Exploring the art of ghostwriting: Unveiling the invisible craft

Ever wondered about the brilliant minds behind some of your favourite books? Ghostwriters, the unsung heroes of the book world, play a crucial role in bringing captivating stories and insightful knowledge to life. In this short article, I give you an unadorned look at the craft of ghostwriting, five famous books penned by invisible hands, and a few tips for working with a ghostwriter.

What is a ghostwriter?

A ghostwriter is a person who is paid to write books that are published under other people’s names. The other person is known as the author.

Ghostwriters have been around probably for as long as books have been around. It makes perfect sense. When you hire a professional, you can continue to concentrate on what you do best and know that the job you hired out is being done well.

Five famous ghostwritten books

Jack: Straight from the Gut by Jack Welch – ghostwriter: John A. Byrne
Lean In by Sheryl Sandberg – ghostwriter: Nell Scovell
Life by Keith Richards – ghostwriter: James Fox
Losing My Virginity by Richard Branson – ghostwriter: Edward Whitley
7 Habits of Highly Effective People by Stephen Covey – ghostwriter: Ken Shelton

Does this mean the book is not actually the author’s story or ideas?

Absolutely not. On the contrary.

A skilled memoir ghostwriter will ‘inhabit’ the author’s life, story, and ‘voice’ so well, that close friends of the author will exclaim, “The book sounds exactly like you!” and “Everything described is exactly as it happened.”

A skilled ghostwriter hired by a professional or leader to write a book that shares the author’s knowledge, expertise and experience will work closely with the author to ensure they understand and articulate the author’s ideas clearly, accurately and effectively for the intended audience.

What does a ghostwriter actually do?

Each writer has their own way of working, but in general, the process of ghostwriting a book typically involves all of the following:

Research: reading press releases, newspaper or magazine articles, research papers, corporate documents; looking up the weather on a particular day in a particular time and place, Google Image and Google Street View searches, Wayback Machine searches; reading or researching in books; listening to speeches; watching videos; looking up governmental records; and of course countless other types of internet searches – whatever is necessary for the ghostwriter to gain a detailed picture and understanding of the story or the information. The research can even involve going ‘on location’.

Interviews: multiple interviews with the author, and often interviews with other people, such as members of the author’s family; friends of the author; employees, leadership, clients, customers, contractors of the author’s company. The ghostwriter then typically works from transcripts of the interviews.

Collation and organization: The ghostwriter sifts through the huge volume of material to understand it, absorb it, and see the best way to structure the story or the information to be presented. The writer looks for themes and groupings, narrative thread, logical flow, and other aspects of a well-written book.

Note: Some ghostwriters will do these first three before sitting down to write; for others it’s more a fluid back-and-forth process of writing and research. And for others it’s a bit of both.

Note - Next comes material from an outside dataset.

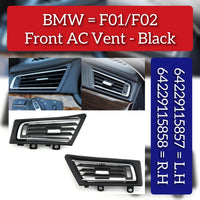 AC Grill Vent (right) 64229115858 Compatible With BMW 7 SERIES F01 F02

Writing: There are two main ways the writing can take place:

  1. The ghostwriter writes the whole book and then sends the completed first draft to the author for review.
  2. The ghostwriter sends the author a chapter at a time.

Before the writer begins work, the author and the writer need to agree on which method they want to use.

For memoir, method 1 can work well, because memoir is very similar to fiction, and so it is not always written in a linear fashion.

For every other type of nonfiction book, method 2 is probably best, because it enables the author to offer direction and feedback on how the information is presented. The writer can then make adjustments as they go along and save having to go back and rewrite half the book.

Revision: When the first draft is complete, the author reviews it and gives the ghostwriter notes and feedback. The writer then revises the manuscript.

Some ghostwriters will include an additional round of revision in their price:

Additional revision: The author can get feedback on the manuscript from a professional editor and/or beta readers. The ghostwriter will then do an additional round of revision to incorporate that feedback.

Then the manuscript is ready for the next phase: editorial feedback, design, proofreading and publication!